* Records to use:
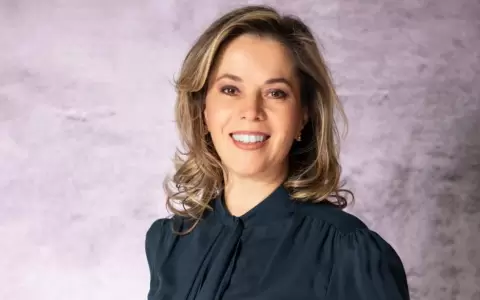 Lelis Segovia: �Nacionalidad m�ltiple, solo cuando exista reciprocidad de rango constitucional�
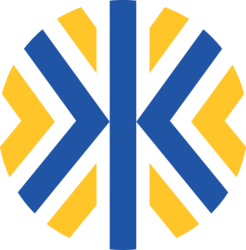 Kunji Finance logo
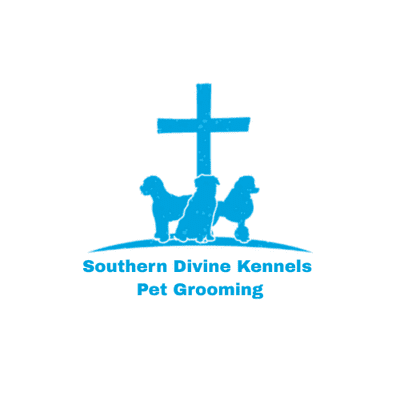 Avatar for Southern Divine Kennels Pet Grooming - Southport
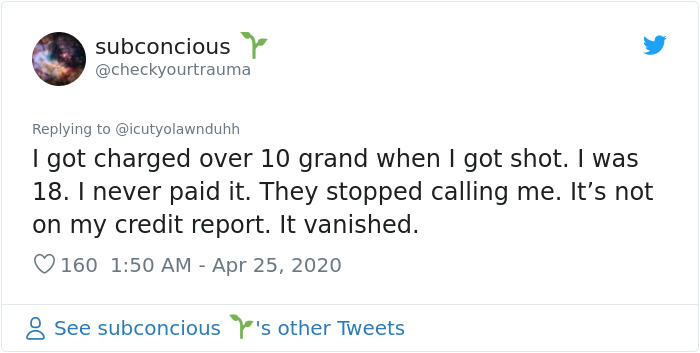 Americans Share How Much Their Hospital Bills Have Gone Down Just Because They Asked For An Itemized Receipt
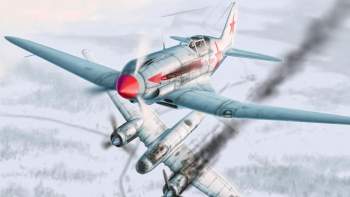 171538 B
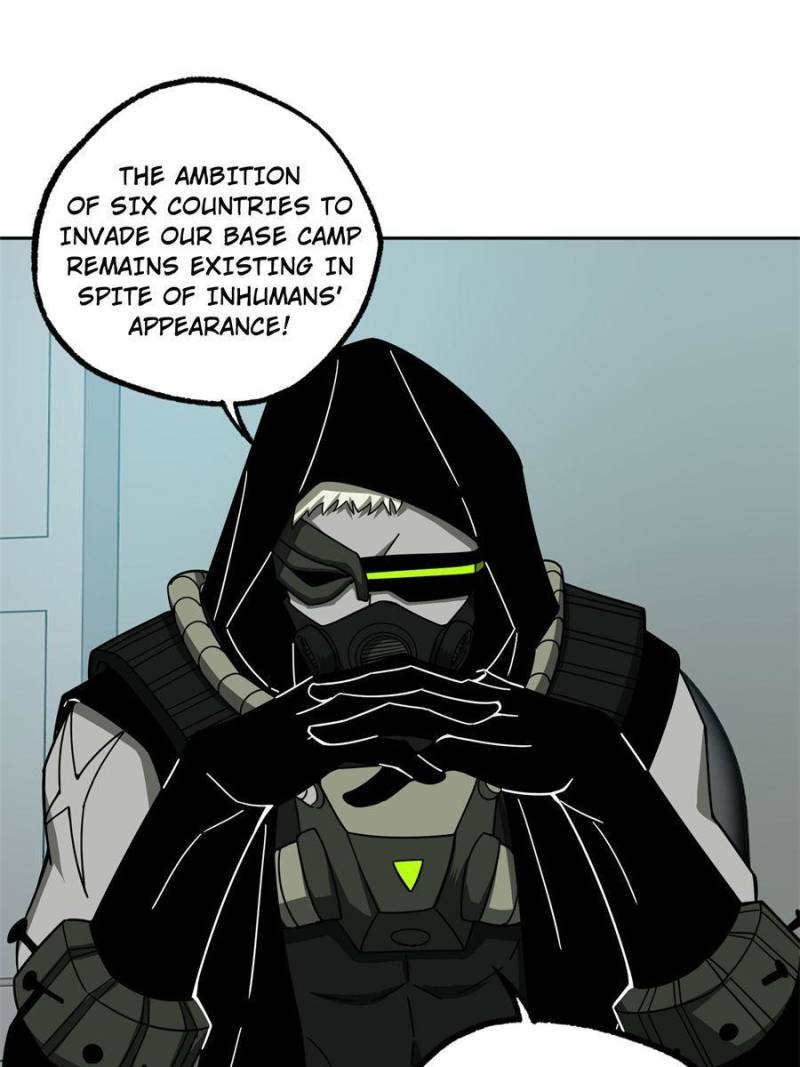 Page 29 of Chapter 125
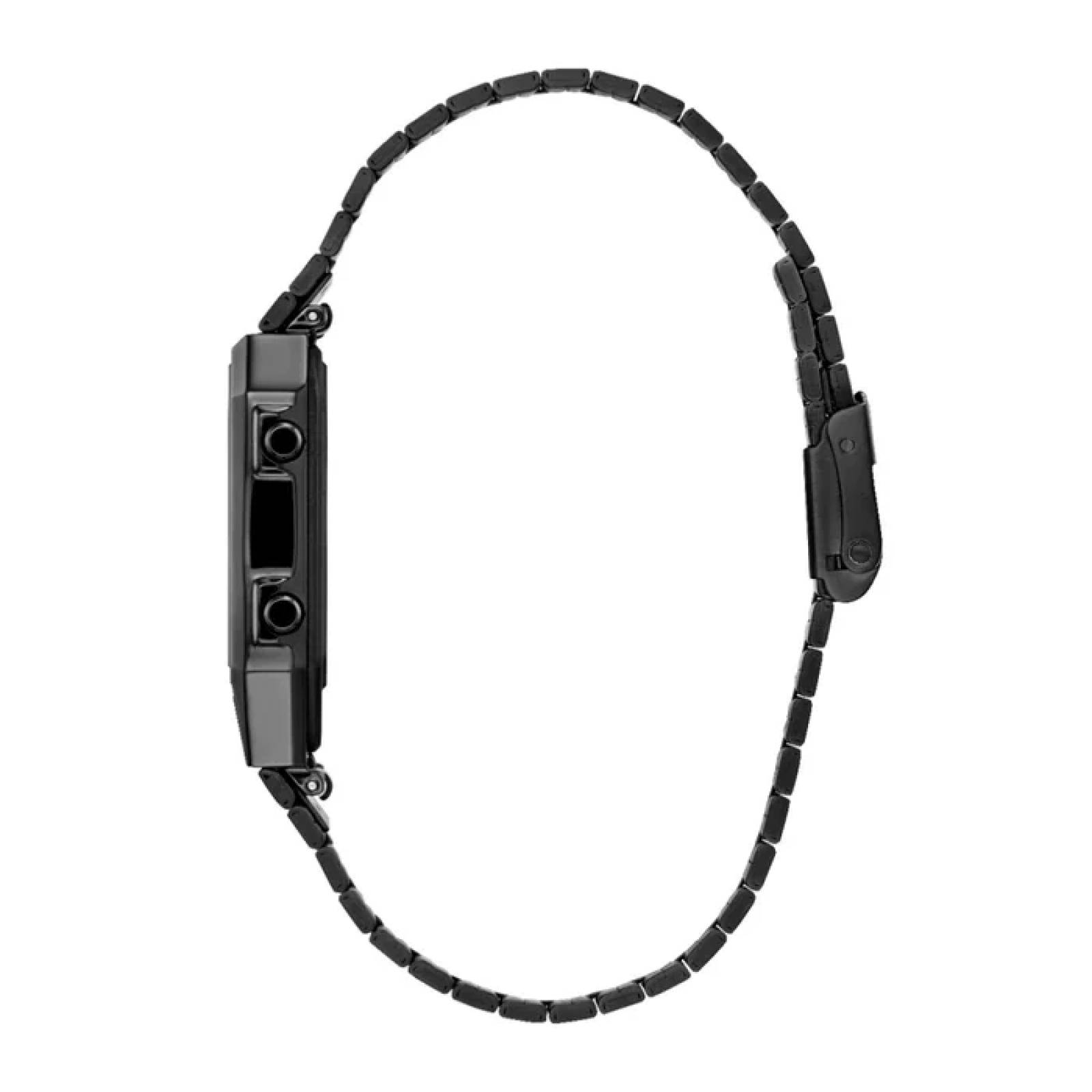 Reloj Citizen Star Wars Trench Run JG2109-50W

* What you should do:
Your reply must reproduce all of the entries exactly and contain no pictures.

* Exercise answer:
 Lelis Segovia: �Nacionalidad m�ltiple, solo cuando exista reciprocidad de rango constitucional�
 Kunji Finance logo
 Avatar for Southern Divine Kennels Pet Grooming - Southport
 Americans Share How Much Their Hospital Bills Have Gone Down Just Because They Asked For An Itemized Receipt
 171538 B
 Page 29 of Chapter 125
 Reloj Citizen Star Wars Trench Run JG2109-50W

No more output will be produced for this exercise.